Matter of fact is that TI invented the Microcontroller, and they hold the patent on it (it was granted years later – US Patent 4074351, 1978).
No question about that. AFAIK TI was first with monolythic integrated microcontroller. Just pointing out one of the other early efforts in that space. And there were others.
growing up in dfw in the 60’s school literally was ricket science and radioshack based there in ft worth and ti in dallas it was really hard to not stick stuff to each other and watching what happened from hamm to control data to ibm with eagle trs and compaq on all sides…thanks for the memories…67 rides around the star so far and still so much soldering left to do lol
Wish living in Texas was still like that. I had a bit of it in my childhood thanks to my dad keeping some of his old stuff around from the NASA days
“Wish living in Texas was still like that.”

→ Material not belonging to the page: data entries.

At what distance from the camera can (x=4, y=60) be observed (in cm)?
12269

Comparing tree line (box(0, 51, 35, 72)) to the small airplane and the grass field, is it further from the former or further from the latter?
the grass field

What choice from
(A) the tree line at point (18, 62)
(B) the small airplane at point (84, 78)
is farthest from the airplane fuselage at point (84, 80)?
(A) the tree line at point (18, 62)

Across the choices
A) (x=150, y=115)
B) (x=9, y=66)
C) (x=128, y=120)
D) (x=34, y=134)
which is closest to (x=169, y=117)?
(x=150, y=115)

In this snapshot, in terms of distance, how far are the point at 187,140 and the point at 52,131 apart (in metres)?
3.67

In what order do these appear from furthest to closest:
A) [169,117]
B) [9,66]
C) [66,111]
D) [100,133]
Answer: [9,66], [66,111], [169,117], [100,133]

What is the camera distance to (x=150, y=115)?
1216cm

Now you never leave home without your bible and must
beat your wife once a day.
Wow. You must be fun at parties.
The great thing thing is *you* don’t have to be there.
TMS1000 NLL MP3318 Was also a 24 melodies siren sold in France in 80/90″s that was like this: https://u-electronique.com/forum/attachment.php?attachmentid=27873&stc=1&thumb=1
Curious what disqualifies the i4004 from this category l.
Microcontroller != Microprocessor
It’s a bit like the logic used to claim that Orville and Wilbur Wright developed the first airplane: just define “modern airplane” as “what Orville and Wilbur Wright built” and you can claim to be first.